Copy the data exactly as it appears, and do not include any pictures.

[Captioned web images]
---+---

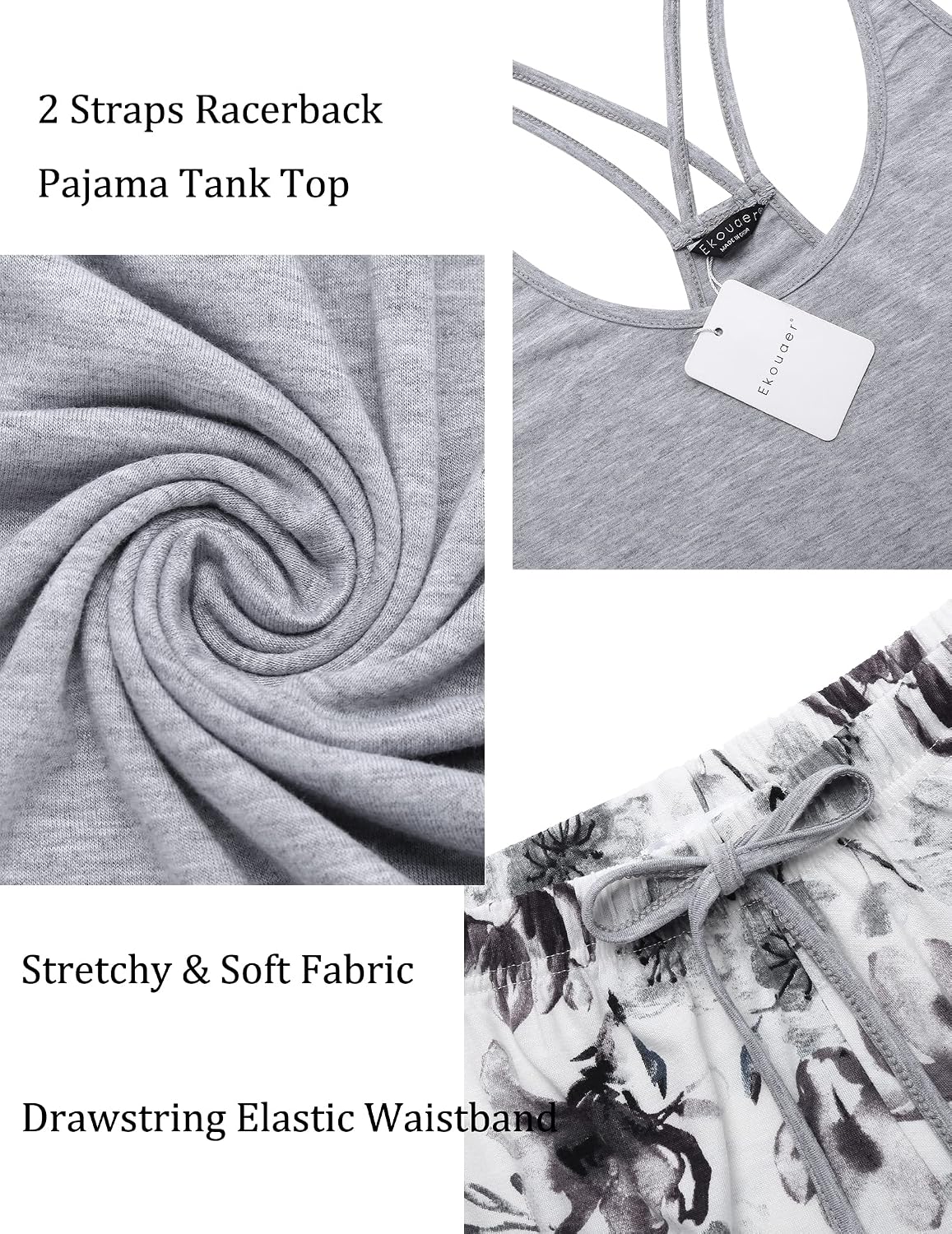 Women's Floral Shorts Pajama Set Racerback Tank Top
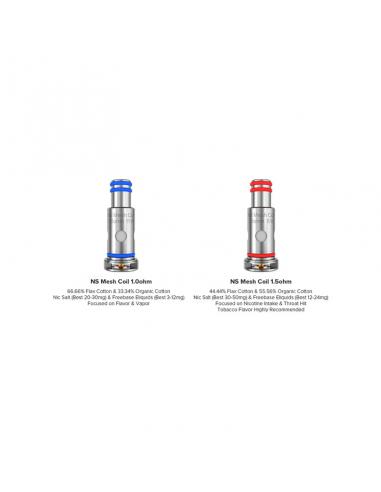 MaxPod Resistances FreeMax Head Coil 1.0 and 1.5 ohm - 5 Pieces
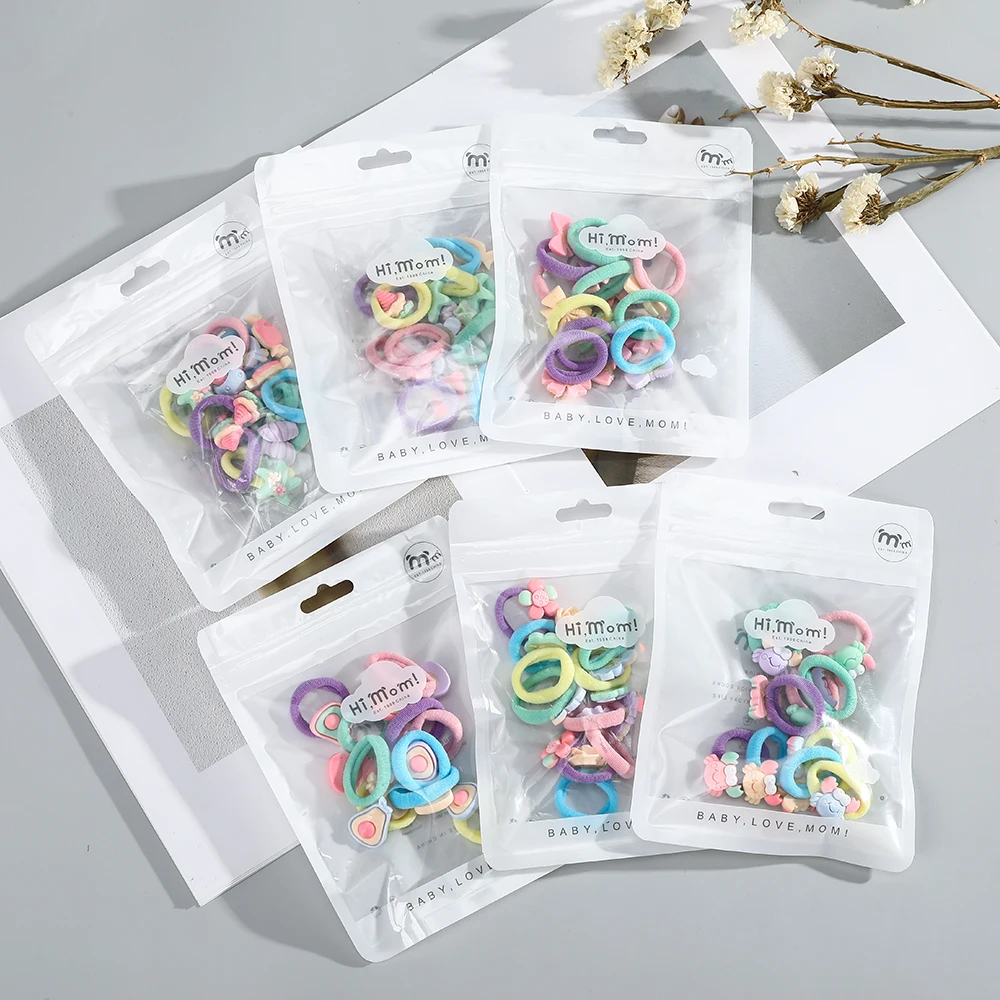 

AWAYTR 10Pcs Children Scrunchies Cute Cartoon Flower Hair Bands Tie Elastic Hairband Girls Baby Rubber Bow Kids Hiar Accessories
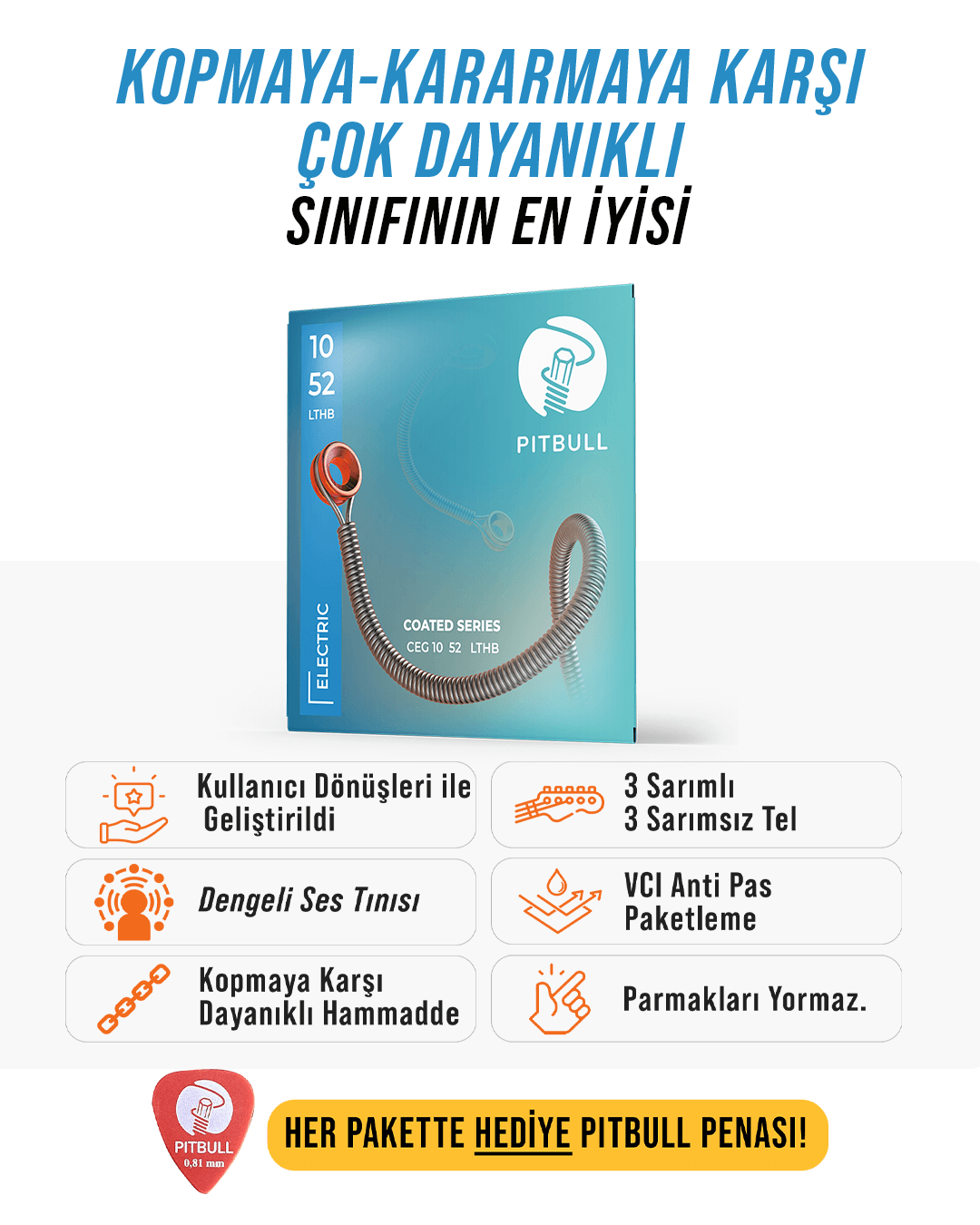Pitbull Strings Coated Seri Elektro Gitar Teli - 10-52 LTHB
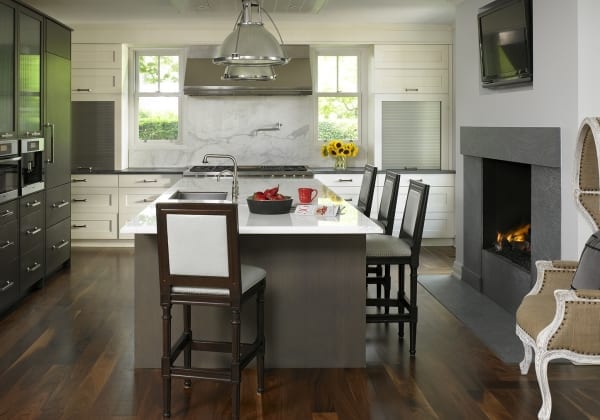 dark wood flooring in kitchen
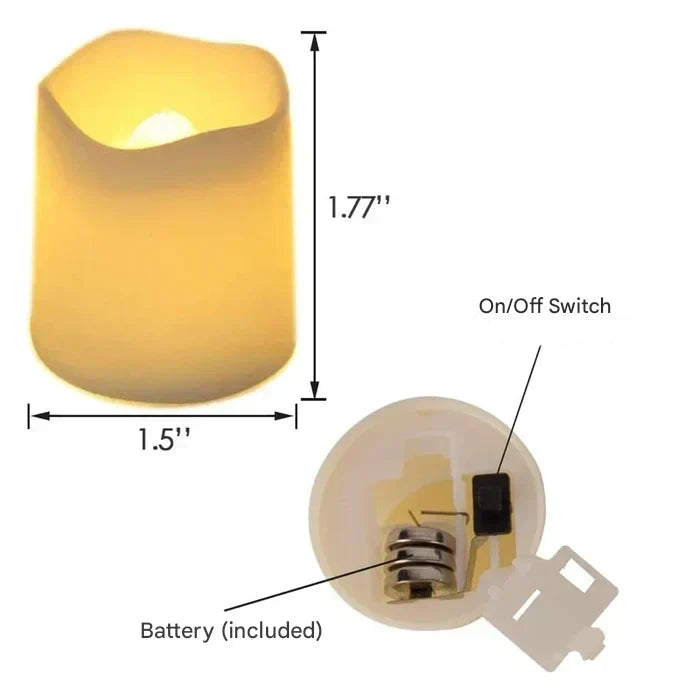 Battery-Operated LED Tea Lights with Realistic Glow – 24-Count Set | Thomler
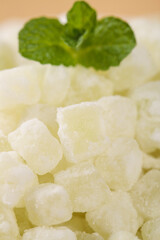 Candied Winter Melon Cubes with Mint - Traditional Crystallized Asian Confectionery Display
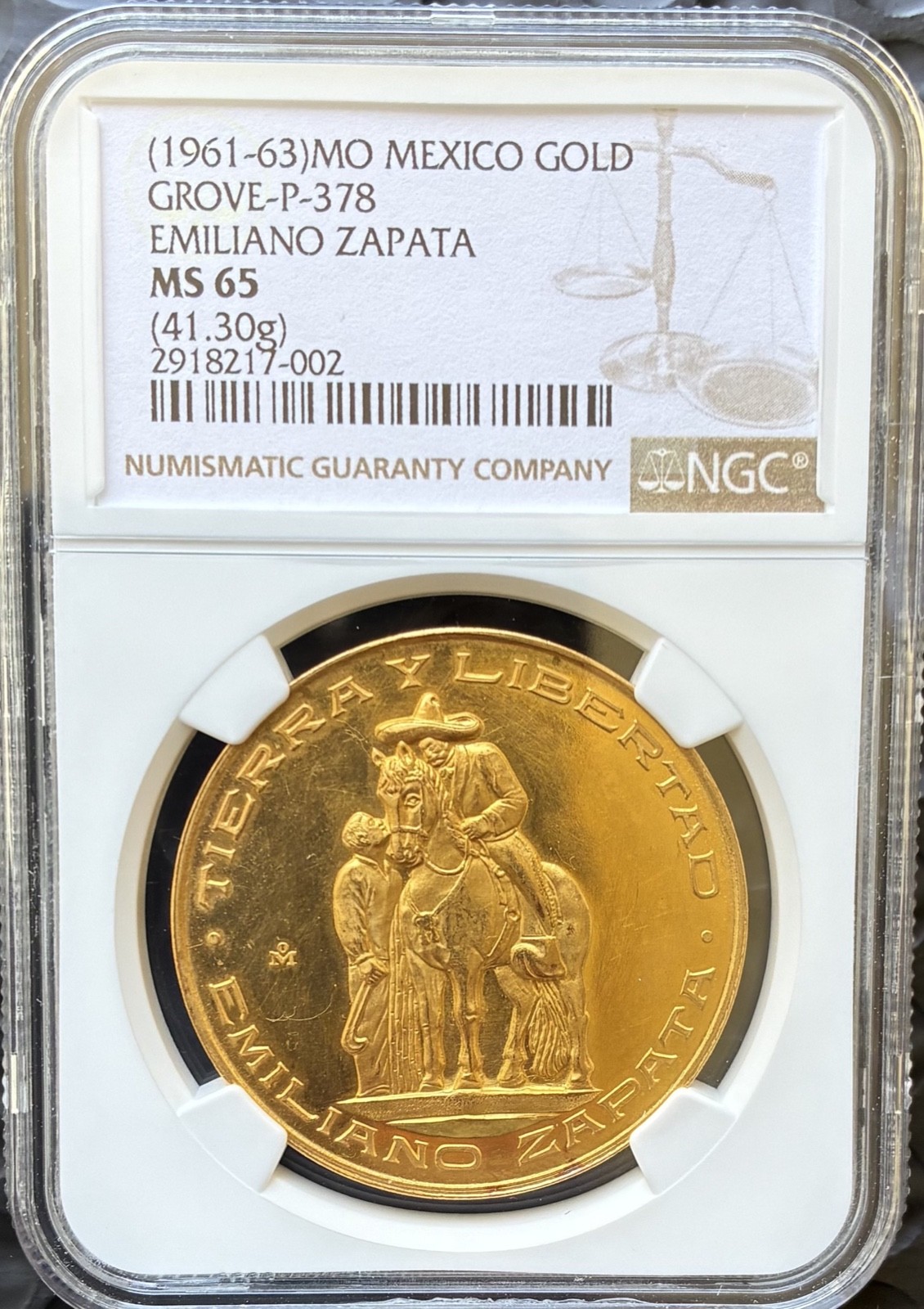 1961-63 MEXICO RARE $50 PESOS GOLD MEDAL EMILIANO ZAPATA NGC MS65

---+---

- Solution to this problem:
 Women's Floral Shorts Pajama Set Racerback Tank Top
 MaxPod Resistances FreeMax Head Coil 1.0 and 1.5 ohm - 5 Pieces

AWAYTR 10Pcs Children Scrunchies Cute Cartoon Flower Hair Bands Tie Elastic Hairband Girls Baby Rubber Bow Kids Hiar Accessories
Pitbull Strings Coated Seri Elektro Gitar Teli - 10-52 LTHB
 dark wood flooring in kitchen
 Battery-Operated LED Tea Lights with Realistic Glow – 24-Count Set | Thomler
 Candied Winter Melon Cubes with Mint - Traditional Crystallized Asian Confectionery Display
 1961-63 MEXICO RARE $50 PESOS GOLD MEDAL EMILIANO ZAPATA NGC MS65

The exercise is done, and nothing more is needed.